Je suis certaine que vous connaissez des tas de robots : aspirateurs, tondeuses, nettoyeur de piscine. Et le métro automatique ? Qu’est ce que c’est sinon un robot ? L’idée c’est quand même de faire faire par une machine, un robot quoi ! des travaux pénibles ou dangereux, surtout quand ils sont répétitifs.

Angoisse irrationnelle et science fiction

Les robots, c’est du réel et pas de la science fiction.

Dans les films de science fiction, les robots, ont une forme humaine et joue des rôles terrifiants. Ils viennent nous attaquer, nous dominer, nous anéantir…

La peur des robot est tout simplement construite sur les mythes de la science-fiction : les robots seraient des quasi-humains, capables de nous attendrir et de nous faire pleurer. Et surtout assez habiles pour prendre le pouvoir. Ils nous fascinent autant qu'ils nous font peur.

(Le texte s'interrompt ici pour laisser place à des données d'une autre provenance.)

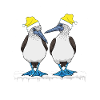 Seabirds Blue-footed
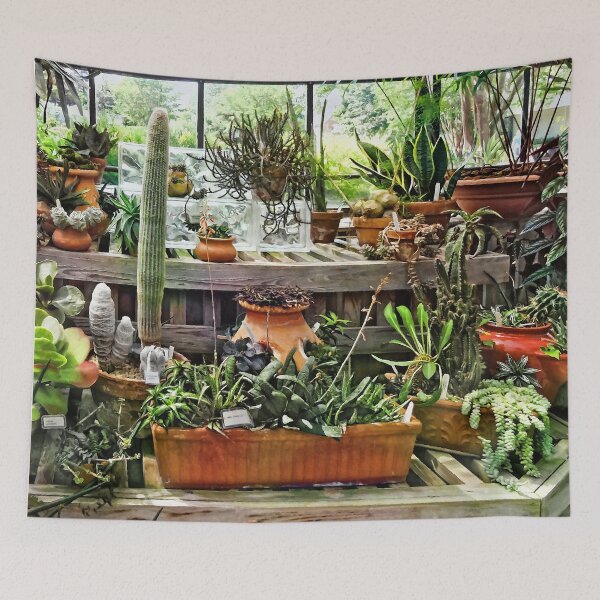 Item preview, Cactus in Greenhouse designed and sold by Susan Savad.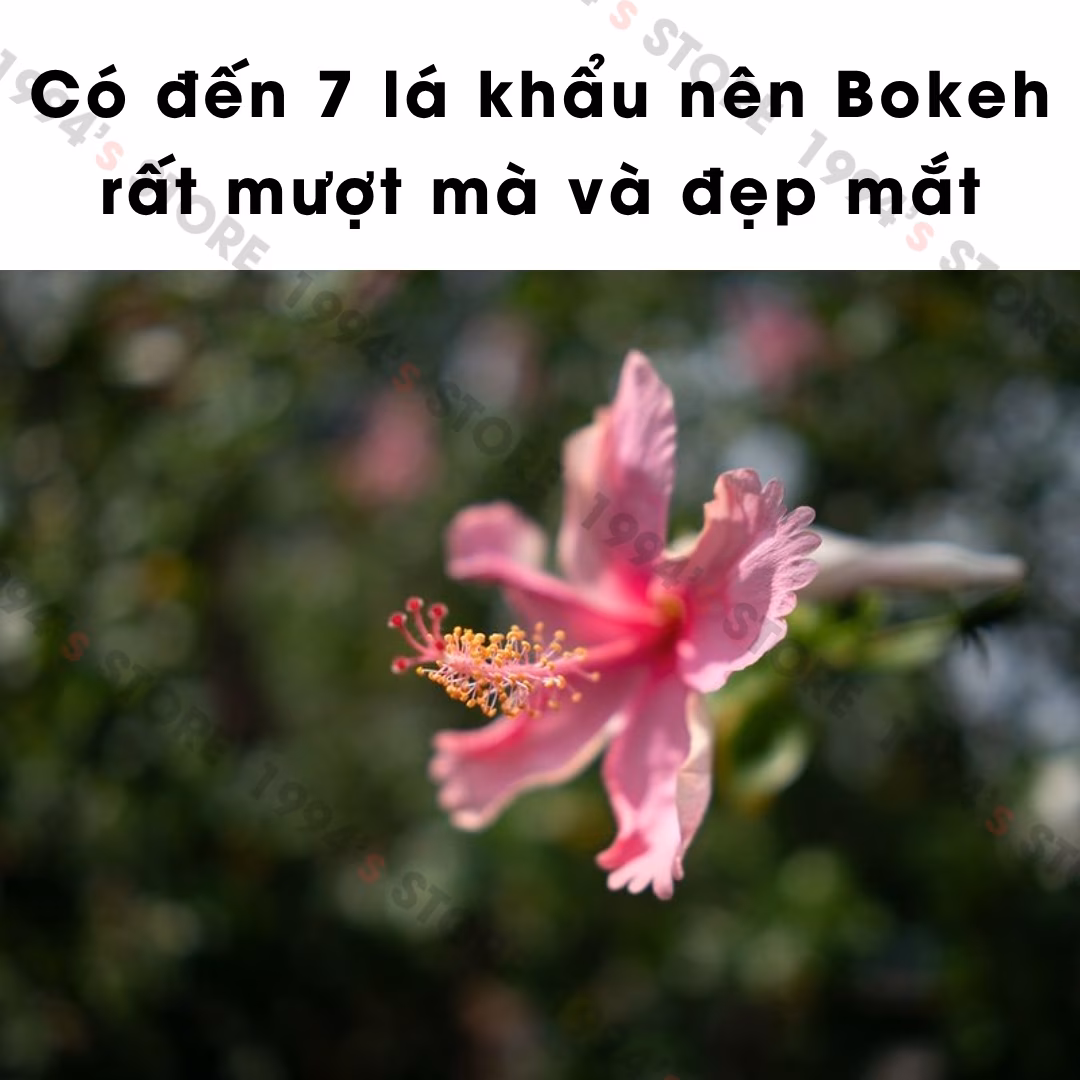 yongnuo 17mm f1.7 bảo hành 12 tháng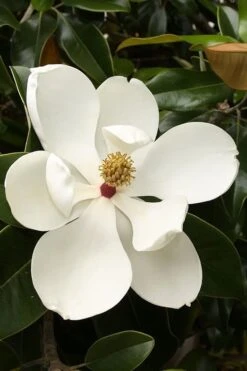 Teddy Bear Dwarf Southern Magnolia - 7 Gallon Pot (3-4') -Garden Care magnolia teddy bear 3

Parler des robots crée de l’angoisse. Pourtant un robot ce n’est pas un loup-garou.

Le mythe du Golem, les androïdes de Capek sont réactivés.

La nuit tombe sur Prague. Nous sommes il y a bien longtemps, un peu après le moyen âge. Le rabbin Löwe, gardien de la communauté juive, se glisse furtivement dans le sous-sol de sa synagogue. Il va donner vie à une créature inanimée, faite d’argile et de boue venant des rives de la Vltava, en inscrivant le mot EMET sur son front. Cette créature — le Golem — aura pour mission de protéger la communauté de l’hostilité ambiante et des pogromes.

Bon, je vous passe les détails. Objets inanimés, avez-vous donc une âme ? demandait Baudelaire. Un jour, le Golem sort de sa routine habituelle et dévaste tout sur son passage…

Il est incontrôlable. Rassurez-vous, son maitre l’a détruit… et c’était il y a longtemps.

Le schéma du mythe est assez simple :

L’homme créé une créature humanoïde intelligente pour la mettre à son service.
La créature grandit et commence à échapper au contrôle de l’homme, puis se rebelle.
2 options sont alors possibles : soit l’homme la détruit, soit il se fait détruire.

Comment ne pas avoir peur    Et si fabriquer un homme sans âme devenait possible ?

L’histoire du Golem vous a fait penser à Frankenstein ? C’est en effet un peu la même histoire que celle publiée en 1818 par Mary Shelley.

Plus tard, Isaac Azimov (1920-1992), illustre romancier de science fiction, a appelé cette terreur « le complexe de Frankenstein » autrement dit : la peur de l'homme mécanique… ou électronique !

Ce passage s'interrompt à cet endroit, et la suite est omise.